Moving in as a couple or with roommates is a considerably big step for many Canadians. Pulling the money card can be an uncomfortable topic for some.
However, it is important to get the topic out in the clear and set boundaries when it comes to costs and expenses. Especially when couples or roommates share a space, utility bills can rack up a fortune.
If you are not clear from the start with your partner or roommate about your financial budget and money boundaries, conflict can easily arise. Living with another person may be economical, but it is crucial to ensure everyone is on the same page before moving in together.
Here is a helpful guide on how to talk about splitting the utility bills with others in the home.
Determine your monthly expenses
Firstly, it is important to consider your living situation as if you are individually supporting yourself. Calculate how much you could afford to live solo. After you discover that number based on your salary, you can use that as a starting point to determine your budget for any monthly bills that may come up.
There are many apps like Honeydue to help couples track shared bills, look at their accounts in one place, and make comments on any transactions. Another app that has similar features is BetterHaves. It helps you to track and label expenses like groceries, internet bill, cable, gas, and phone in order to bring awareness to how much money you are spending in every separate category.
Decide your contribution amount
Once you have determined your monthly expenses and how much you typically spend on your bills, you will have to chat with your partner or roommate about the logistics of sharing the utility fees.
Decide if you are going to go dutch and split everything fifty-fifty or according to income.
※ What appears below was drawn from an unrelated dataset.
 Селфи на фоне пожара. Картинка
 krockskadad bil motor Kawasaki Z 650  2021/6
There are different ways to go about it if you prefer to split expenses according to the amount you consume water, gas, etc.
Although, it might be difficult to truly accurately estimate how much each roommate is actually consuming, which brings us to our next point.
Consider a joint expense account
If you are a couple, consider combining your money into a joint account. By sharing a joint account, it will make it much easier for both of you to pay the bills from one place and keep track of all the transactions.
Each partner can see what bills are being paid and how much is going towards the hydro bill versus the water bill for example.
Make a pact
We all have fallen victim to forgetting our promises or incorrectly recalling verbal contracts we have made in the past. Sharing a space and dividing bills and utility expenses is a serious thing that can have negative consequences if both parties are unclear.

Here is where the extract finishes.